Roasted Winter Vegetable Tarte Tatin with Red Pepper Sauce

  • Roasted Winter Vegetable Tarte Tartin with Red Pepper Sauce

Roasted Winter Vegetable Tarte Tatin with Red Pepper Sauce


(makes 6 main serves)




340g (2-3) kumara (peeled & cut into 1.5-2cm dice)


270g (1/4) butternut (peeled & cut into 1.5-2cm dice)


180g (1-2) parsnips (peeled & cut into 1.5-2cm dice)


45ml (3 tbsp) olive oil

flaky sea salt

freshly ground black pepper

500g flaky puff pastry

recipe Caramelised Onions

2 tbsp parsley (roughly chopped)

recipe Red Pepper Sauce




· Preheat oven to 200°C.


· Place kumara, pumpkin and parsnip onto separate low-sided roasting trays. Drizzle with oil and sprinkle with salt and pepper. Toss to coat vegetables well.


· Place into a preheated oven and cook for 8-10 minutes till vegetables are just tender.


· Remove vegetables from oven and combine in a medium-size bowl. Set aside.


· Roll pastry out on a lightly floured work surface to a 2mm thickness. Cut out six pastry rounds to a 15cm diameter. Rest in refrigerator for 20-30 minutes before using.


· Increase oven temperature to 220°C.


· Grease six 14cm crepe or blini pans lightly with butter.


· Divide vegetables evenly into the six prepared pans (100g into each).


· Top vegetables with hot Caramelised Onions (60g onto each).


· Place a pastry round on top of Caramelised Onions and press down edges to surround and cover the vegetables.


· Place tarts into preheated oven and cook for 15-20 minutes till pastry is golden brown and well puffed up.


· Remove from oven and leave to sit on a bench for 1-2 minutes before inverting onto a serving plate. Sprinkle with parsley and serve with Red Pepper Sauce.


Caramelised Onions

(yields 360g)




140g butter (diced)

450g (2 ½) medium red onions (cut into 1-1.5cm wedges)


70g (1/3 cup) castor sugar

15ml (1 tbsp) white wine vinegar

1 tbsp finely chopped thyme

flaky sea salt

freshly ground black pepper




· Place butter in a small, heavy-based frypan and, over a low heat, melt. Add onions and stir well.

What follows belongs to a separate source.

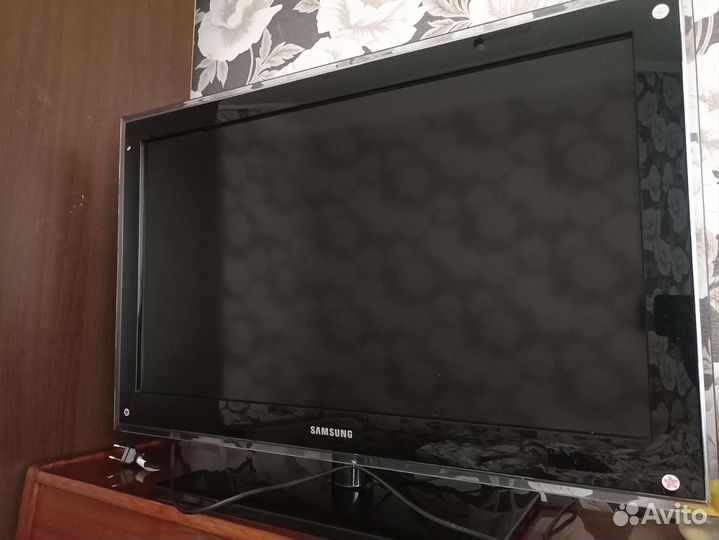 Телевизор ЖК 32 дюйма бу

· Increase heat to medium hot and cook onions for 8-10 minutes till soft and beginning to colour.


· Add sugar, vinegar, thyme, salt and pepper, and cook for a further 8-10 minutes, or till onions are caramelised and golden brown.


· Keep hot to use for Tarte Tartin.


Red Pepper Sauce

(Makes 250ml / 1 cup)



1 red pepper

1 small clove garlic (peeled)

1 egg yolk

Maldon sea salt & freshly ground pepper

½ tbsp lemon juice

dash of Tabasco

125ml (½ cup) olive oil



· Cut red pepper in half and de-seed. Grill skin side up till the skin looks charred and bubbly. Run the pepper under cold water, peel and roughly chop.

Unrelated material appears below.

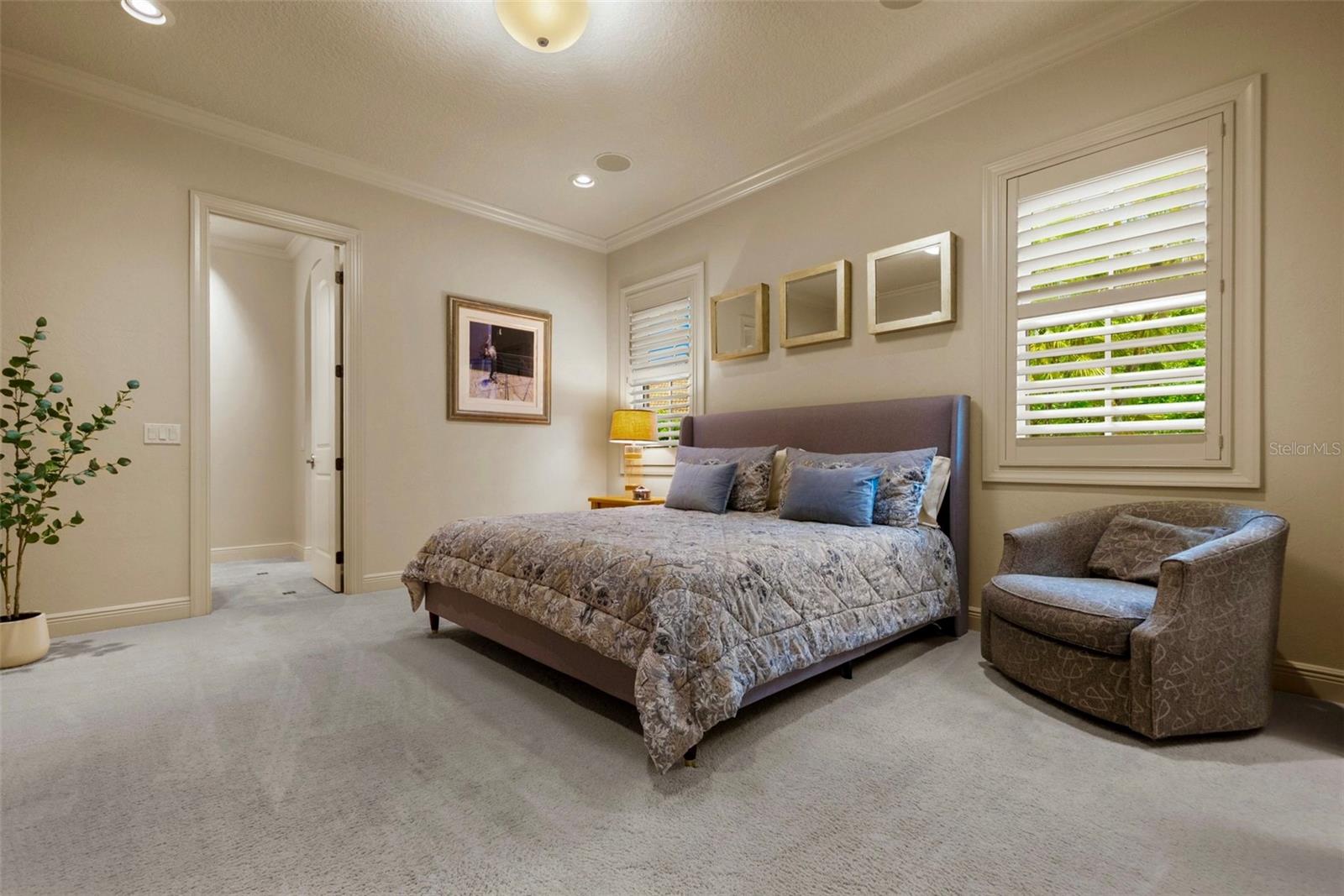 Image 49 of 94 For 6926 Lacantera Circle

· Into a food processor fitted with a metal blade, place red pepper, garlic, egg yolk, salt, pepper, lemon juice, Tabasco and 2 tbsp olive oil. Process until smooth.


· With the food processor still running, pour remaining olive oil very slowly through the feed tube.


· Taste for seasoning.


Note: If the mayonnaise does happen to curdle, put another egg yolk and 1 tbsp water into a clean food processor bowl. Process briefly, then gradually pour the curdled mayonnaise through the feed tube while the machine is still running.


For a small quantity such as this recipe, we use a domestic food processor. Only use a commercial machine when you are multiplying the recipe.


Roasted Red Pepper Mayonnaise can be made up to 4 days in advance and stored in an airtight container in the chiller.